Lundi 03 Mars

"Casse toi alors pauvre con !"

 

Je jouais l'autre jour au Monopoly avec Lilou, et puis en même temps, je parlais de tout et de rien. Elle me parlait de Dada car elle avait vu que je lisais un livre sur Dada ("Tout est Dada Dada est tatou" de Tristan Tzara éditions GF). Elle semblait connaître le sujet. Miaou-Miaou etc (je vais traduire), ça donne ça :
"Je me pose souvent la question du système de pensée (concept), les grands écrivains ont tous un système de pensée qui leur est propre : Une idée, une question à laquelle ils consacrent leur vie. Cette question devient une obsession, tous les faits et gestes sont interprétés et rapportés à cette question. Un système de pensée c'est une construction fictive qui est comme façon de interpréter le monde, faire passer une phrase objective, se l'approprier, la comparer à la question obsédante, puis lui donner un nouveau sens." Elle me donnait comme exemples : L'absurde de Camus, l'existence pour Sartre (tout de suite les incontournables, elle m'énerve). "Mais aussi, là je sais que ça t'intéresse Loïc, une problématique à laquelle on consacre une vie de soucis. Comment est-il possible de vivre pour Patrick Modiano ? ( fixette depuis longtemps sur Modiano, mythe créé et même interprété)"
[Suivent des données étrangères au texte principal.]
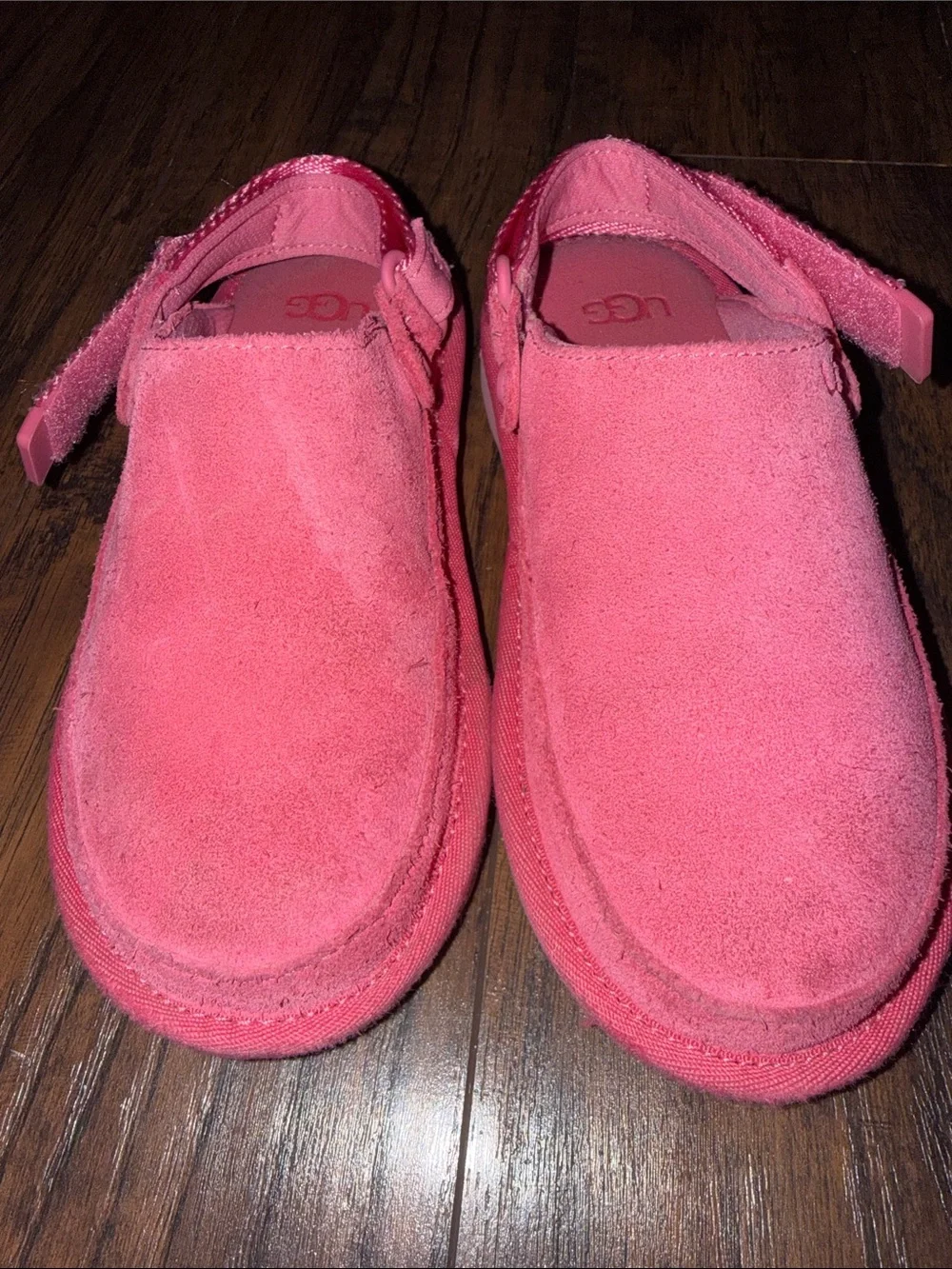UGG smoke pet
J'étais plutôt d'accord et je lui disais dans sa langue (de chat) : "La capacité réelle d'un écrivain est là selon moi. Un écrivain est capable de faire tout une vie d'oeuvre sur un même sujet, sur une même problématique, toute sa vie, en la racontant toujours de manière différente. Sa capacité à montrer la même conclusion avec des histoires ou des démonstrations qui ne se ressemblent pas. L'écrivain est un sacrifié, il se met au service des autres afin que la problématique chez le lecteur aie des réponses à disposition, à condition que l'écrivain achève son œuvre." Elle était heureuse de voir que je comprenais sa réflexion : "Ainsi chaque écrivain apporte son système : L'écrivain peut être un génie mais il est celui qui transmet une idée au public en premier lieu. Un homme accomplit ne se trouve pas derrière un livre mais derrière plusieurs livres. Celui qui adopte, accumule, compare des systèmes est un homme qui est plus complet."
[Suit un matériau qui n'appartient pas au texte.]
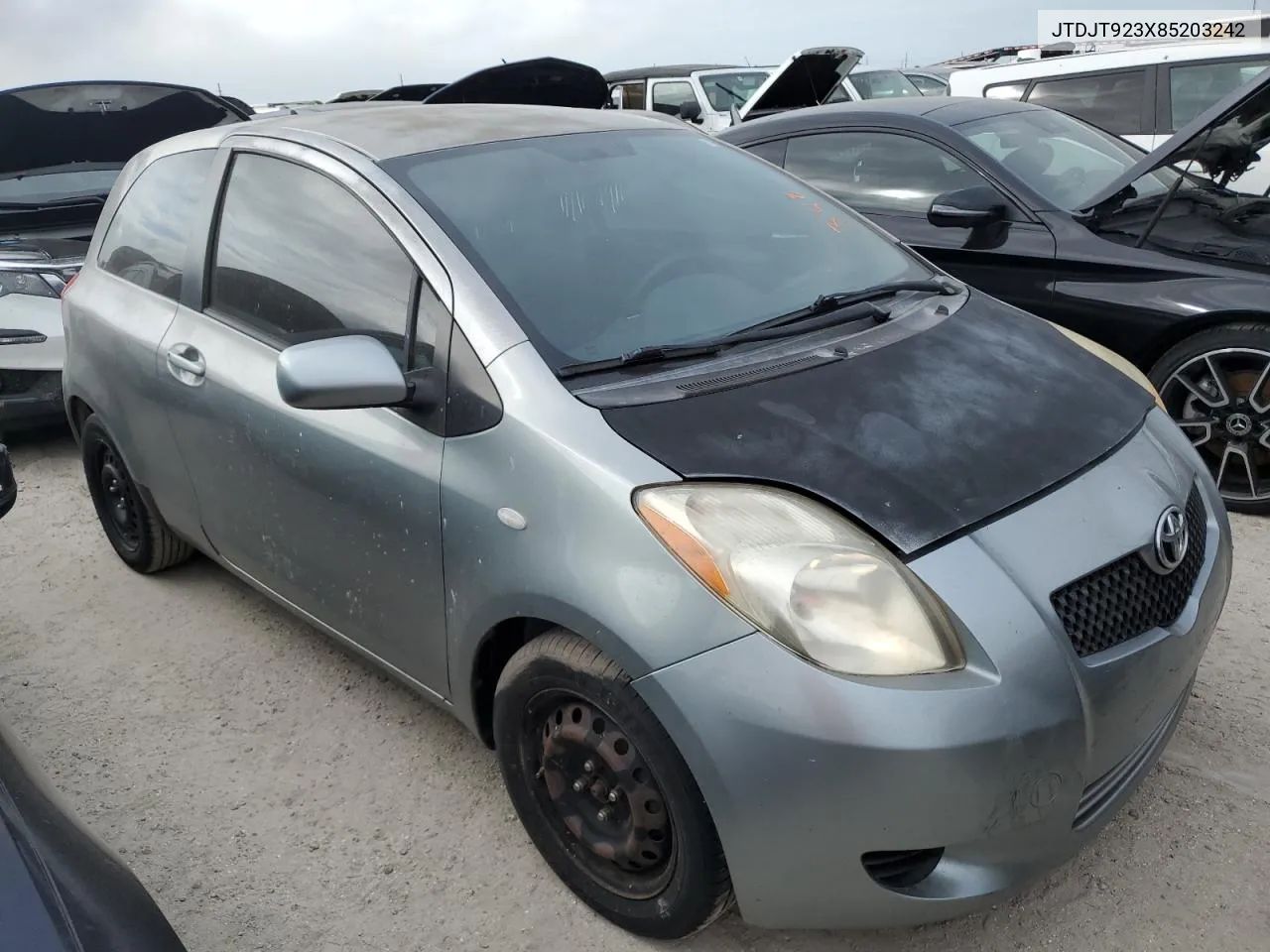 2008 Toyota Yaris VIN: JTDJT923X85203242 Lot: 76790374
"Dis moi, mon chat, c'est quoi ton système de pensée ? La pâtée pour chat est-elle digne pour les chats ? ou c'est autre chose ?" Je jetais les dés, je faisais un douze, j'avais les trois quarts du jeu et elle se faisait dépouiller à chaque fois qu'elle avançait, la ruine était proche. Elle réfléchissais à sa réponse."Non mais toi tu sais tout faire, t'es un champion du monde. Vous êtes vraiment tous pareils. C'est pas parce que je suis une chatte qu'il faut me traiter comme si j'étais incapable d'arriver à quoi que ce soit. Moi je suis fière d'être une chatte et je n'attends qu'une chose, c'est que le monde de demain soit gouverné par les chattes. L'avenir de l'homme c'est la chatte ! Il y en a marre d'être traitée comme des chiennes et de rester à l'intérieur tout le temps, moi je veux sortir, j'en ai plus qu'assez de ma litière. Je veux la libération de la chatte !" Et dans sa furie, elle me lança un coup de griffe sur la joue.
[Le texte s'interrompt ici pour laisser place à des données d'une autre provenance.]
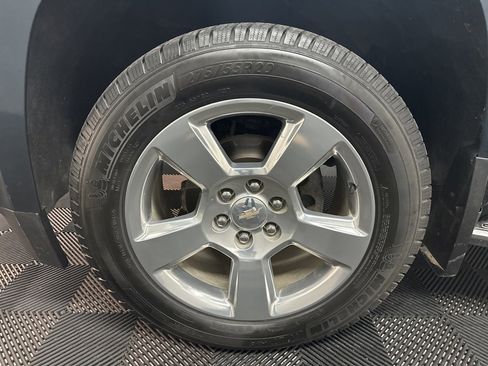 Used 2020 Chevrolet Suburban Premier image 38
J'ai appris naturellement, à force de me torturer l'esprit, qu'il fallait parfois se taire. Je crois que la radicalisation est un moment nécessaire dans la vie de la pensée, elle permet l'excès, le refus. Il est important dans la constitution de la pensée d'avoir cette période, elle forge le sens profond de ce que l'on veut, de ce qu'on peut accepter, elle permet la violence. On change le discours, ce n'est plus un débat, c'est comme un chant de revendications. On y met de la passion, on fait rugir les tambours, on s'adopte à un clan, un parti, une caste, ou que sais je ? Une armée, un groupuscule terroriste ou une association d'écologistes. Bref, c'est une étape nécessaire. Je me tais, je me dis que c'est une bonne chatte dans le fond, elle est juste victime d'un processus qui nous touche tous, c'est ce qu'il arrive aux mal baisés entre autre. Le tout est de savoir sortir de cette étape là et qu'il faut avoir absolument en objectif l'idée de l'homme complet. Ne pas se concentrer sur une idée mais sur plusieurs idées. Je me levais en la regardant dans les yeux en souriant et je quittais la table ; "Oué c'est ça casse toi alors pauvre con !" déclara Lilou exaspérée.